[Data entries]
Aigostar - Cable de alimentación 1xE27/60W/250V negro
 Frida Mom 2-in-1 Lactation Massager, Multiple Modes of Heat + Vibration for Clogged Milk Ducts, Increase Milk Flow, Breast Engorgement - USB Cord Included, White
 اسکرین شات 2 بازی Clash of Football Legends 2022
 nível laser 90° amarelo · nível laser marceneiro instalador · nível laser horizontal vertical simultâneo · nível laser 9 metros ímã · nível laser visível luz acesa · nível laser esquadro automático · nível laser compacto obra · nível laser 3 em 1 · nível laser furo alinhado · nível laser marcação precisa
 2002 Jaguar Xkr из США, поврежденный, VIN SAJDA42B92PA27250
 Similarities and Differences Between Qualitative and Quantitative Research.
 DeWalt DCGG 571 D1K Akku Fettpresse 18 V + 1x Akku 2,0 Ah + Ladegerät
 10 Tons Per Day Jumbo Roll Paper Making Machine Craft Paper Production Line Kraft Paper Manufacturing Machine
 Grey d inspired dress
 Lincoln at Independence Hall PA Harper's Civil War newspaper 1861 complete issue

§ Problem
Output all of the data above without any alteration.

§ Answer to this exercise
Aigostar - Cable de alimentación 1xE27/60W/250V negro
 Frida Mom 2-in-1 Lactation Massager, Multiple Modes of Heat + Vibration for Clogged Milk Ducts, Increase Milk Flow, Breast Engorgement - USB Cord Included, White
 اسکرین شات 2 بازی Clash of Football Legends 2022
 nível laser 90° amarelo · nível laser marceneiro instalador · nível laser horizontal vertical simultâneo · nível laser 9 metros ímã · nível laser visível luz acesa · nível laser esquadro automático · nível laser compacto obra · nível laser 3 em 1 · nível laser furo alinhado · nível laser marcação precisa
 2002 Jaguar Xkr из США, поврежденный, VIN SAJDA42B92PA27250
 Similarities and Differences Between Qualitative and Quantitative Research.
 DeWalt DCGG 571 D1K Akku Fettpresse 18 V + 1x Akku 2,0 Ah + Ladegerät
 10 Tons Per Day Jumbo Roll Paper Making Machine Craft Paper Production Line Kraft Paper Manufacturing Machine
 Grey d inspired dress
 Lincoln at Independence Hall PA Harper's Civil War newspaper 1861 complete issue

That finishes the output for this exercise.